Powinna wejść w życie dwa tygodnie temu, ale nadal nic nie wiadomo. Mowa o ustawie o ubezpieczeniach upraw i zwierząt gospodarskich. Aby rolnicy mogli z niej korzystać potrzebna jest zgoda Komisji Europejskiej.
Ustawa przewiduje dofinansowanie do ubezpieczeń niektórych upraw oraz zwierząt.
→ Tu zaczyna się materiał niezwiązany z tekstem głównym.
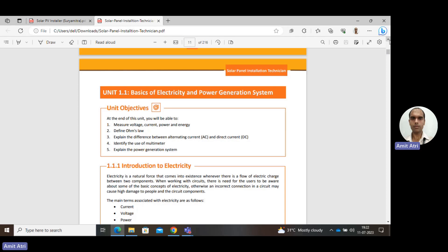Today's session we will be discussing Unit 1.1 of the Solar Panel Installation Handbook for Technician. Unit 1.1 consists of the basics of electricity and power generation system.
Miało by ono pokrywać straty rolników w przypadku wystąpienia klęsk żywiołowych. - Sądzimy że pokrycie składki w 35 – 50 % w zależności od ryzyka spowoduje większe zainteresowanie rolników, że ten system stanie się bardziej powszechny. – powiedział Andrzej Kowalski, wice minister rolnictwa
Ubezpieczeniem objęte będzie między innymi ryzyko wystąpienia szkód spowodowanych przez powódź, grad, piorun, suszę oraz ubój z konieczności. Nieoficjalnie dowiedzieliśmy się, że Komisja Europejska nie wyrazi zgody na objęcie dopłatą ryzyka pożaru oraz eksplozji. A to jeszcze bardziej zmniejszy możliwości ubezpieczenia, które i tak są ograniczone.
Ustawa dzieli rolników. Nie na wszystkie uprawy są dopłaty do ubezpieczeń majątkowych typu na przykład warzywa, sady. –mówi Robert Nowak Krajowa Rada Izb Rolniczych Aktualnie z ubezpieczeniu podlega zaledwie 20% produkcji roślinnej i zwierzęcej.
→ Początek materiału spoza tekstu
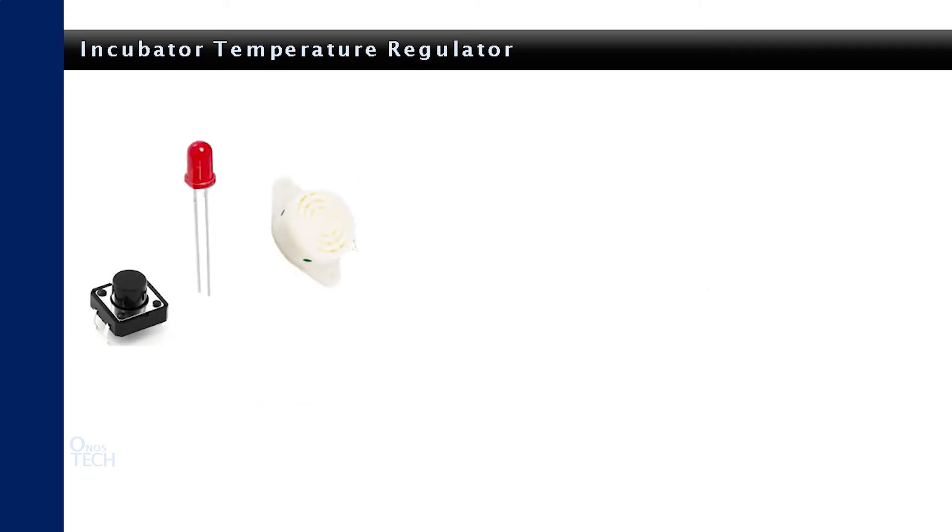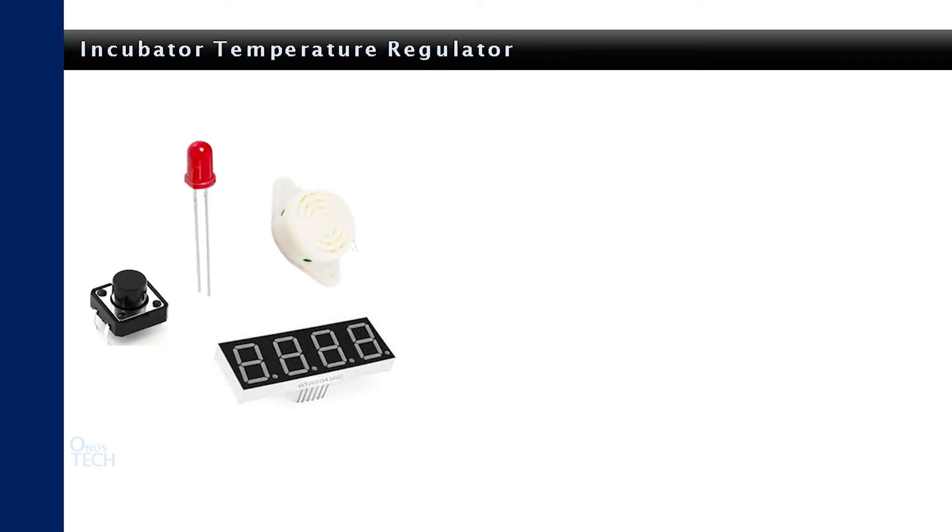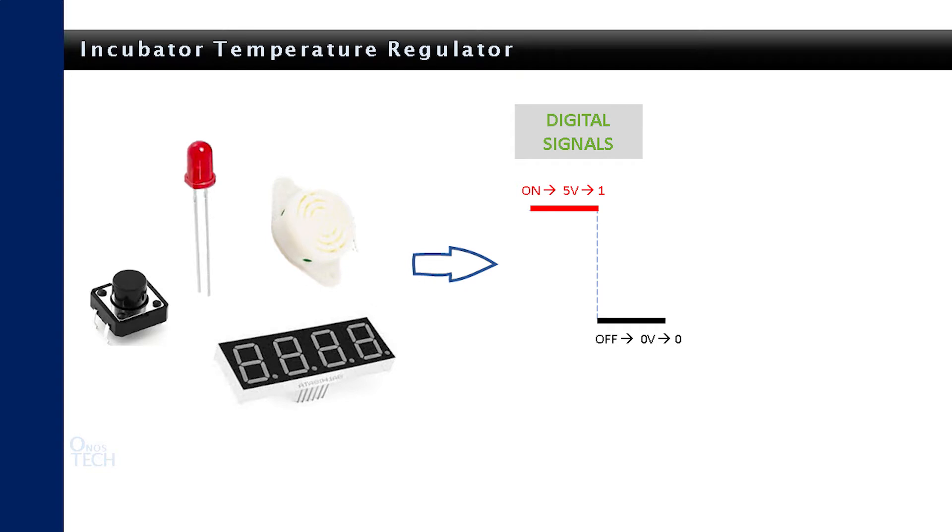The push-button switches, LEDs, buzzers and the seven segment displays are all digital input-output devices since they are either on or off.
- Farmy wielkotowarowe ubezpieczały swój majątek w związku z tym jest to w tym momencie jak gdyby dodatkowy dochód dodatkowe pieniądze, natomiast gospodarstwa rodzinne no pewnie część wejdzie w ten system ale mamy obawy, że dla wielu po prostu zabraknie pieniędzy. – dodaje Robert Nowak
W budżecie na ten cel przewidziano 55 milionów złotych. Co powinno wystarczyć na objęcia dopłatami do składek milion 600 tysięcy hektarów powierzchni upraw oraz półtora miliona sztuk zwierząt.